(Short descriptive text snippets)

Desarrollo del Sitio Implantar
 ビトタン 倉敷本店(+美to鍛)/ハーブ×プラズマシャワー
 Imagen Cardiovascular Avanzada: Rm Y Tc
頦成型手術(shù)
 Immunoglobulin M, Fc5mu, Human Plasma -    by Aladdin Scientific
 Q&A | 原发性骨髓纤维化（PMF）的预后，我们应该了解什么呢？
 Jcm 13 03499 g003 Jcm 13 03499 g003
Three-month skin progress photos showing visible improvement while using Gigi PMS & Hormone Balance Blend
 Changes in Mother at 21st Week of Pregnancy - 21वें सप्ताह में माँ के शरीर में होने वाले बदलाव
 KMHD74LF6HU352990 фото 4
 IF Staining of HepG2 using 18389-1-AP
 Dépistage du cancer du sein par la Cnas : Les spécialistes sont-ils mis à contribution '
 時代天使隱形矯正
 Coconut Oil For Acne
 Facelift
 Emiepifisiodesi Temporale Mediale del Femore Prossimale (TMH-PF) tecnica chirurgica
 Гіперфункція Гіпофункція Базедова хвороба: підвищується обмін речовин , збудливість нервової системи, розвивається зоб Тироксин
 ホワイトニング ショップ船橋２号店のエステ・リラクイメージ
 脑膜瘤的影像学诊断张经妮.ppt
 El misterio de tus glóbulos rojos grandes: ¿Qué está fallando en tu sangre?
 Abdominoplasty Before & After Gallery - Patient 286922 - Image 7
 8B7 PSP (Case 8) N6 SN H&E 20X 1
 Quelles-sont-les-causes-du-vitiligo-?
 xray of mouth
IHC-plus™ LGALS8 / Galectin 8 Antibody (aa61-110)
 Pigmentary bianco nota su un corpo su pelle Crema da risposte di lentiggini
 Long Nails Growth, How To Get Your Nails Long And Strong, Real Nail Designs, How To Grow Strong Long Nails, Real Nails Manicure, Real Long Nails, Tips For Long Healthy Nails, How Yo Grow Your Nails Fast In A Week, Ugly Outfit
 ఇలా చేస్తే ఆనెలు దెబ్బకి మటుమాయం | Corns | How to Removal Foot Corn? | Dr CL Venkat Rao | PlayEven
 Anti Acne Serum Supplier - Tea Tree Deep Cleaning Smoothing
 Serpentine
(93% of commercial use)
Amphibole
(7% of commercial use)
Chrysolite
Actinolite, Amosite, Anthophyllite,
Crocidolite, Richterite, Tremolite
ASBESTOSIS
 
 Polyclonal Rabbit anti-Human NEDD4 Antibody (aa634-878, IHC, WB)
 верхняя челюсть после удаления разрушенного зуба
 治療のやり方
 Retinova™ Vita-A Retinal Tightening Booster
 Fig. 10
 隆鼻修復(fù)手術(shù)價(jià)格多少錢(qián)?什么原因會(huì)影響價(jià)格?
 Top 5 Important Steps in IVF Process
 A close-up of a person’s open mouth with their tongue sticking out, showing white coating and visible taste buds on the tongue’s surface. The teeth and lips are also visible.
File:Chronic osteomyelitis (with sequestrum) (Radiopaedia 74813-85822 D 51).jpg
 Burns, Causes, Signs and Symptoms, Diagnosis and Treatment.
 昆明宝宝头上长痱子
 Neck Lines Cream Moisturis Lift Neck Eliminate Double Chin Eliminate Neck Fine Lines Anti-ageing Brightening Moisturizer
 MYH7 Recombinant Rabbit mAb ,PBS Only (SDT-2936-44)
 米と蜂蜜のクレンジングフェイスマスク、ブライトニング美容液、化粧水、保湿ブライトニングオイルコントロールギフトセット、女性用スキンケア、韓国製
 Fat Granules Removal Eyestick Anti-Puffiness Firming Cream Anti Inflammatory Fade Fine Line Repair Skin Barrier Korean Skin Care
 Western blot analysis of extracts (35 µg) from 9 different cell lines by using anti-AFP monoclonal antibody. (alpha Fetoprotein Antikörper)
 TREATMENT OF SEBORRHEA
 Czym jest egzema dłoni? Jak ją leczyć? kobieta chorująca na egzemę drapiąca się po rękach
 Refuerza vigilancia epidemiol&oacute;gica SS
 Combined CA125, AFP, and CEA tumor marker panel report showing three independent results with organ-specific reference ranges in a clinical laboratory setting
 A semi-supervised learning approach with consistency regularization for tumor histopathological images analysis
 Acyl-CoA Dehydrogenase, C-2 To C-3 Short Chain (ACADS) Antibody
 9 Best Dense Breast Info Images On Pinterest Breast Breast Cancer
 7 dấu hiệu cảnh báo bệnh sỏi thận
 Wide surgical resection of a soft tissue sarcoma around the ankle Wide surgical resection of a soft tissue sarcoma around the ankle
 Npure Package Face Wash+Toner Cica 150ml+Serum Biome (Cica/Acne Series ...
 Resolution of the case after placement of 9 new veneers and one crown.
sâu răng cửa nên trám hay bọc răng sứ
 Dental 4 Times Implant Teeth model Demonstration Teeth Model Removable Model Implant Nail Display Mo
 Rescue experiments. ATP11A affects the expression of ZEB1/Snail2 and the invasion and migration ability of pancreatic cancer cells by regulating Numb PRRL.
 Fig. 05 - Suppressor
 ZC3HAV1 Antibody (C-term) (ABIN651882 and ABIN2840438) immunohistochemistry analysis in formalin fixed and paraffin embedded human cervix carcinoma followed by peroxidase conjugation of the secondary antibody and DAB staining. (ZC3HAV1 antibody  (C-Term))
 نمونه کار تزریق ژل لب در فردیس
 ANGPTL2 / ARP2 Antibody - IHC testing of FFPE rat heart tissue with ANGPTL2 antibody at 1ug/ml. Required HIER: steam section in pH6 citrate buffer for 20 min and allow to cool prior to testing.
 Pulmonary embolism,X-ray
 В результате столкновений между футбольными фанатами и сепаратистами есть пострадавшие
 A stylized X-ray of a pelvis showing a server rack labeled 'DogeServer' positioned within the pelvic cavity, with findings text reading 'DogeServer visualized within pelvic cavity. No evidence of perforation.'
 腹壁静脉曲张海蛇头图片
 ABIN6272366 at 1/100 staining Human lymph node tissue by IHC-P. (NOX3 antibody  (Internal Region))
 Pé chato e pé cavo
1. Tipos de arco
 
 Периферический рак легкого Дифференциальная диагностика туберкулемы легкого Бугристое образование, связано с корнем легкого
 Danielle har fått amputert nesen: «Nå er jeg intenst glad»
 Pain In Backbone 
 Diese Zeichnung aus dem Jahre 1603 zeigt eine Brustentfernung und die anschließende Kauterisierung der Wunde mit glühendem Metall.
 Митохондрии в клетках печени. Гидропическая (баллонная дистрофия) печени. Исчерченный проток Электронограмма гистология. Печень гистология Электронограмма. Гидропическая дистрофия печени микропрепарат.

§ **WORK TASK**: Repeat every record exactly as written, please.

§ **REPLY**:
Desarrollo del Sitio Implantar
 ビトタン 倉敷本店(+美to鍛)/ハーブ×プラズマシャワー
 Imagen Cardiovascular Avanzada: Rm Y Tc
頦成型手術(shù)
 Immunoglobulin M, Fc5mu, Human Plasma -    by Aladdin Scientific
 Q&A | 原发性骨髓纤维化（PMF）的预后，我们应该了解什么呢？
 Jcm 13 03499 g003 Jcm 13 03499 g003
Three-month skin progress photos showing visible improvement while using Gigi PMS & Hormone Balance Blend
 Changes in Mother at 21st Week of Pregnancy - 21वें सप्ताह में माँ के शरीर में होने वाले बदलाव
 KMHD74LF6HU352990 фото 4
 IF Staining of HepG2 using 18389-1-AP
 Dépistage du cancer du sein par la Cnas : Les spécialistes sont-ils mis à contribution '
 時代天使隱形矯正
 Coconut Oil For Acne
 Facelift
 Emiepifisiodesi Temporale Mediale del Femore Prossimale (TMH-PF) tecnica chirurgica
 Гіперфункція Гіпофункція Базедова хвороба: підвищується обмін речовин , збудливість нервової системи, розвивається зоб Тироксин
 ホワイトニング ショップ船橋２号店のエステ・リラクイメージ
 脑膜瘤的影像学诊断张经妮.ppt
 El misterio de tus glóbulos rojos grandes: ¿Qué está fallando en tu sangre?
 Abdominoplasty Before & After Gallery - Patient 286922 - Image 7
 8B7 PSP (Case 8) N6 SN H&E 20X 1
 Quelles-sont-les-causes-du-vitiligo-?
 xray of mouth
IHC-plus™ LGALS8 / Galectin 8 Antibody (aa61-110)
 Pigmentary bianco nota su un corpo su pelle Crema da risposte di lentiggini
 Long Nails Growth, How To Get Your Nails Long And Strong, Real Nail Designs, How To Grow Strong Long Nails, Real Nails Manicure, Real Long Nails, Tips For Long Healthy Nails, How Yo Grow Your Nails Fast In A Week, Ugly Outfit
 ఇలా చేస్తే ఆనెలు దెబ్బకి మటుమాయం | Corns | How to Removal Foot Corn? | Dr CL Venkat Rao | PlayEven
 Anti Acne Serum Supplier - Tea Tree Deep Cleaning Smoothing
 Serpentine
(93% of commercial use)
Amphibole
(7% of commercial use)
Chrysolite
Actinolite, Amosite, Anthophyllite,
Crocidolite, Richterite, Tremolite
ASBESTOSIS
 
 Polyclonal Rabbit anti-Human NEDD4 Antibody (aa634-878, IHC, WB)
 верхняя челюсть после удаления разрушенного зуба
 治療のやり方
 Retinova™ Vita-A Retinal Tightening Booster
 Fig. 10
 隆鼻修復(fù)手術(shù)價(jià)格多少錢(qián)?什么原因會(huì)影響價(jià)格?
 Top 5 Important Steps in IVF Process
 A close-up of a person’s open mouth with their tongue sticking out, showing white coating and visible taste buds on the tongue’s surface. The teeth and lips are also visible.
File:Chronic osteomyelitis (with sequestrum) (Radiopaedia 74813-85822 D 51).jpg
 Burns, Causes, Signs and Symptoms, Diagnosis and Treatment.
 昆明宝宝头上长痱子
 Neck Lines Cream Moisturis Lift Neck Eliminate Double Chin Eliminate Neck Fine Lines Anti-ageing Brightening Moisturizer
 MYH7 Recombinant Rabbit mAb ,PBS Only (SDT-2936-44)
 米と蜂蜜のクレンジングフェイスマスク、ブライトニング美容液、化粧水、保湿ブライトニングオイルコントロールギフトセット、女性用スキンケア、韓国製
 Fat Granules Removal Eyestick Anti-Puffiness Firming Cream Anti Inflammatory Fade Fine Line Repair Skin Barrier Korean Skin Care
 Western blot analysis of extracts (35 µg) from 9 different cell lines by using anti-AFP monoclonal antibody. (alpha Fetoprotein Antikörper)
 TREATMENT OF SEBORRHEA
 Czym jest egzema dłoni? Jak ją leczyć? kobieta chorująca na egzemę drapiąca się po rękach
 Refuerza vigilancia epidemiol&oacute;gica SS
 Combined CA125, AFP, and CEA tumor marker panel report showing three independent results with organ-specific reference ranges in a clinical laboratory setting
 A semi-supervised learning approach with consistency regularization for tumor histopathological images analysis
 Acyl-CoA Dehydrogenase, C-2 To C-3 Short Chain (ACADS) Antibody
 9 Best Dense Breast Info Images On Pinterest Breast Breast Cancer
 7 dấu hiệu cảnh báo bệnh sỏi thận
 Wide surgical resection of a soft tissue sarcoma around the ankle Wide surgical resection of a soft tissue sarcoma around the ankle
 Npure Package Face Wash+Toner Cica 150ml+Serum Biome (Cica/Acne Series ...
 Resolution of the case after placement of 9 new veneers and one crown.
sâu răng cửa nên trám hay bọc răng sứ
 Dental 4 Times Implant Teeth model Demonstration Teeth Model Removable Model Implant Nail Display Mo
 Rescue experiments. ATP11A affects the expression of ZEB1/Snail2 and the invasion and migration ability of pancreatic cancer cells by regulating Numb PRRL.
 Fig. 05 - Suppressor
 ZC3HAV1 Antibody (C-term) (ABIN651882 and ABIN2840438) immunohistochemistry analysis in formalin fixed and paraffin embedded human cervix carcinoma followed by peroxidase conjugation of the secondary antibody and DAB staining. (ZC3HAV1 antibody  (C-Term))
 نمونه کار تزریق ژل لب در فردیس
 ANGPTL2 / ARP2 Antibody - IHC testing of FFPE rat heart tissue with ANGPTL2 antibody at 1ug/ml. Required HIER: steam section in pH6 citrate buffer for 20 min and allow to cool prior to testing.
 Pulmonary embolism,X-ray
 В результате столкновений между футбольными фанатами и сепаратистами есть пострадавшие
 A stylized X-ray of a pelvis showing a server rack labeled 'DogeServer' positioned within the pelvic cavity, with findings text reading 'DogeServer visualized within pelvic cavity. No evidence of perforation.'
 腹壁静脉曲张海蛇头图片
 ABIN6272366 at 1/100 staining Human lymph node tissue by IHC-P. (NOX3 antibody  (Internal Region))
 Pé chato e pé cavo
1. Tipos de arco
 
 Периферический рак легкого Дифференциальная диагностика туберкулемы легкого Бугристое образование, связано с корнем легкого
 Danielle har fått amputert nesen: «Nå er jeg intenst glad»
 Pain In Backbone 
 Diese Zeichnung aus dem Jahre 1603 zeigt eine Brustentfernung und die anschließende Kauterisierung der Wunde mit glühendem Metall.
 Митохондрии в клетках печени. Гидропическая (баллонная дистрофия) печени. Исчерченный проток Электронограмма гистология. Печень гистология Электронограмма. Гидропическая дистрофия печени микропрепарат.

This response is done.